(Web page caption snippets)
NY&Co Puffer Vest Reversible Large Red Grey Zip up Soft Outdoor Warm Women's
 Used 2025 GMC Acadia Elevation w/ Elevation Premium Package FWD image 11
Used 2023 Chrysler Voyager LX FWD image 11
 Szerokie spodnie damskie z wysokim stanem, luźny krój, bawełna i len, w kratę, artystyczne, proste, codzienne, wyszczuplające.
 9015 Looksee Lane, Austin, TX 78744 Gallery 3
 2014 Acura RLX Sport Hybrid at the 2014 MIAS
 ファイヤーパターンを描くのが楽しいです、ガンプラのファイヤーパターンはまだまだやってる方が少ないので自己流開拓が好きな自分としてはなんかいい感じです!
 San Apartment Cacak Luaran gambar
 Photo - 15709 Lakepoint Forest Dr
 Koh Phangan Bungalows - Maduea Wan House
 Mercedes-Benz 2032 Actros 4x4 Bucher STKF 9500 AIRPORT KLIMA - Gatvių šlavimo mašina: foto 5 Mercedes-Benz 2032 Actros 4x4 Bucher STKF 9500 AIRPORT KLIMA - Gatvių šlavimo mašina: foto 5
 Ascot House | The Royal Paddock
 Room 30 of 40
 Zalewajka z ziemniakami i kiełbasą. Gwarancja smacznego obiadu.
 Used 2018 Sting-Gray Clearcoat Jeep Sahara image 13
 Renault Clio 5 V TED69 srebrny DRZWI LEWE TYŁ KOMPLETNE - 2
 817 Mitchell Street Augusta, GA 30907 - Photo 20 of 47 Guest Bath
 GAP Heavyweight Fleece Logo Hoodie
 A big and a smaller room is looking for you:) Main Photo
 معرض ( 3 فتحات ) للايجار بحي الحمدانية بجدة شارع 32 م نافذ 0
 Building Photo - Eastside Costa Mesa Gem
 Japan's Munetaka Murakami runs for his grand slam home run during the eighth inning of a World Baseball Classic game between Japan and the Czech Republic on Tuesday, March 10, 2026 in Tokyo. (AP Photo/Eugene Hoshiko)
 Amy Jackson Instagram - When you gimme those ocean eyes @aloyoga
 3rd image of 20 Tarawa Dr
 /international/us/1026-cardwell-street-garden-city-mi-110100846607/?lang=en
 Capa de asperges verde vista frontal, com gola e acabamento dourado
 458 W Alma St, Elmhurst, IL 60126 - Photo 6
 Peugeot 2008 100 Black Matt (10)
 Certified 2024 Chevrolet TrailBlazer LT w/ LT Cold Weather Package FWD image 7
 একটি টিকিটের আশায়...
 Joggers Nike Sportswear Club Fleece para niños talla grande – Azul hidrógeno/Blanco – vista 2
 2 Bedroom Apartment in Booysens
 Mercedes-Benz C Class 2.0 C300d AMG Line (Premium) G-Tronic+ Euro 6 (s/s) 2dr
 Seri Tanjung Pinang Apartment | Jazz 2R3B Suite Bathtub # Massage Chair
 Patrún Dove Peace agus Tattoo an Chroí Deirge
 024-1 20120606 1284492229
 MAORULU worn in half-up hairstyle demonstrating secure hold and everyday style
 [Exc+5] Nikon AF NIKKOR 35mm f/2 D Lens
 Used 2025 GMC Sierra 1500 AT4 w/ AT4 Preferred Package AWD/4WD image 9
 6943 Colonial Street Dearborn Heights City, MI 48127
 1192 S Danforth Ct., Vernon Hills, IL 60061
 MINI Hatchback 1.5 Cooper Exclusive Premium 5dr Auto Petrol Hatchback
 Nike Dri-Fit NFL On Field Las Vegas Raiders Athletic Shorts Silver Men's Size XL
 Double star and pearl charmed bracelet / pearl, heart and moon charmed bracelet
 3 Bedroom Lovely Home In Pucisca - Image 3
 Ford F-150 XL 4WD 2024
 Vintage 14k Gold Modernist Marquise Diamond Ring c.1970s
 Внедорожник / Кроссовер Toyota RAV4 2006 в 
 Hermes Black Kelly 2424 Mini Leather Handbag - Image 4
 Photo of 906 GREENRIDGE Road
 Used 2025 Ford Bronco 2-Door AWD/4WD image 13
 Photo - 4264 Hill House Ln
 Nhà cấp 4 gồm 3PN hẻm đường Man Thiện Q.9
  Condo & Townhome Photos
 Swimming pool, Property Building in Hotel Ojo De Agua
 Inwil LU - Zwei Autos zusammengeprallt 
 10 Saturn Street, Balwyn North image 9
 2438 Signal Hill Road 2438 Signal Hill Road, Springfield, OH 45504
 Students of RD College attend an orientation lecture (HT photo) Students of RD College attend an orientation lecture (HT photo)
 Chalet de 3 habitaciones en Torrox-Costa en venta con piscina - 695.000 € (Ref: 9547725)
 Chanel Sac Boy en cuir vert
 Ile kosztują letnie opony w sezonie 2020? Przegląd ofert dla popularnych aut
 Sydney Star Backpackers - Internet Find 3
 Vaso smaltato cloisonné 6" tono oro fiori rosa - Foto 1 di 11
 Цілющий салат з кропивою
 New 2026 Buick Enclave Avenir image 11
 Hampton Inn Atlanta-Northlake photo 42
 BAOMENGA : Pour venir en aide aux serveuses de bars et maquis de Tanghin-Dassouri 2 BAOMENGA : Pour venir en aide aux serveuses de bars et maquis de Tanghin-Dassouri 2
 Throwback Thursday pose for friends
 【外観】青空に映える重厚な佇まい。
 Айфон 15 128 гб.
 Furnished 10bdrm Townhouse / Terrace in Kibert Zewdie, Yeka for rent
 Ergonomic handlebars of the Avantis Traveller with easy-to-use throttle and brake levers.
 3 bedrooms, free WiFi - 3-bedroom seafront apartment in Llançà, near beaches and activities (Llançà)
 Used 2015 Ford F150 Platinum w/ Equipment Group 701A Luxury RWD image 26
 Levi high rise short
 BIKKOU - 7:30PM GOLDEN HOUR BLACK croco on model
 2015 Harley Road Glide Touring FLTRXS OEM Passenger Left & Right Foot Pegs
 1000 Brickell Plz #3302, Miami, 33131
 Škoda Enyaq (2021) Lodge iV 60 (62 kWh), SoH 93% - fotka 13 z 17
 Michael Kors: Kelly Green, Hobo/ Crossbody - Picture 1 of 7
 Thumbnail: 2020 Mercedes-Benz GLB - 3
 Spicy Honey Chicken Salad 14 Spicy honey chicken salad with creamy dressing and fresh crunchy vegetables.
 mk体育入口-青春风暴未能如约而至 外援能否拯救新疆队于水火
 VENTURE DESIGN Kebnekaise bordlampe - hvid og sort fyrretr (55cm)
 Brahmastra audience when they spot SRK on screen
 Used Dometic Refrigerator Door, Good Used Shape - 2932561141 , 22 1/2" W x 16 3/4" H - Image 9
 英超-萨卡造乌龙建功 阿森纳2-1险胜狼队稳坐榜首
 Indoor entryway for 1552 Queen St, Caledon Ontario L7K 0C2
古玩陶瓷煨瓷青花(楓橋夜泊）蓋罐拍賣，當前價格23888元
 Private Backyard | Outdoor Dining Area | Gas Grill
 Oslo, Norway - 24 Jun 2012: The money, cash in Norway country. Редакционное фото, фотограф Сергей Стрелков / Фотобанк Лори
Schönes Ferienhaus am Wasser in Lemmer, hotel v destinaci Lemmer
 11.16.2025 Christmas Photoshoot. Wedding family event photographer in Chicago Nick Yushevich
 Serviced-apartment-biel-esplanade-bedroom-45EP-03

- **EXERCISE REQUIREMENTS**
Return only those lines that run from the one containing "Spicy Honey Chicken Salad 14" through the end of the entries, keeping each exactly as written.

- **ANSWER BOX**
 Spicy Honey Chicken Salad 14 Spicy honey chicken salad with creamy dressing and fresh crunchy vegetables.
 mk体育入口-青春风暴未能如约而至 外援能否拯救新疆队于水火
 VENTURE DESIGN Kebnekaise bordlampe - hvid og sort fyrretr (55cm)
 Brahmastra audience when they spot SRK on screen
 Used Dometic Refrigerator Door, Good Used Shape - 2932561141 , 22 1/2" W x 16 3/4" H - Image 9
 英超-萨卡造乌龙建功 阿森纳2-1险胜狼队稳坐榜首
 Indoor entryway for 1552 Queen St, Caledon Ontario L7K 0C2
古玩陶瓷煨瓷青花(楓橋夜泊）蓋罐拍賣，當前價格23888元
 Private Backyard | Outdoor Dining Area | Gas Grill
 Oslo, Norway - 24 Jun 2012: The money, cash in Norway country. Редакционное фото, фотограф Сергей Стрелков / Фотобанк Лори
Schönes Ferienhaus am Wasser in Lemmer, hotel v destinaci Lemmer
 11.16.2025 Christmas Photoshoot. Wedding family event photographer in Chicago Nick Yushevich
 Serviced-apartment-biel-esplanade-bedroom-45EP-03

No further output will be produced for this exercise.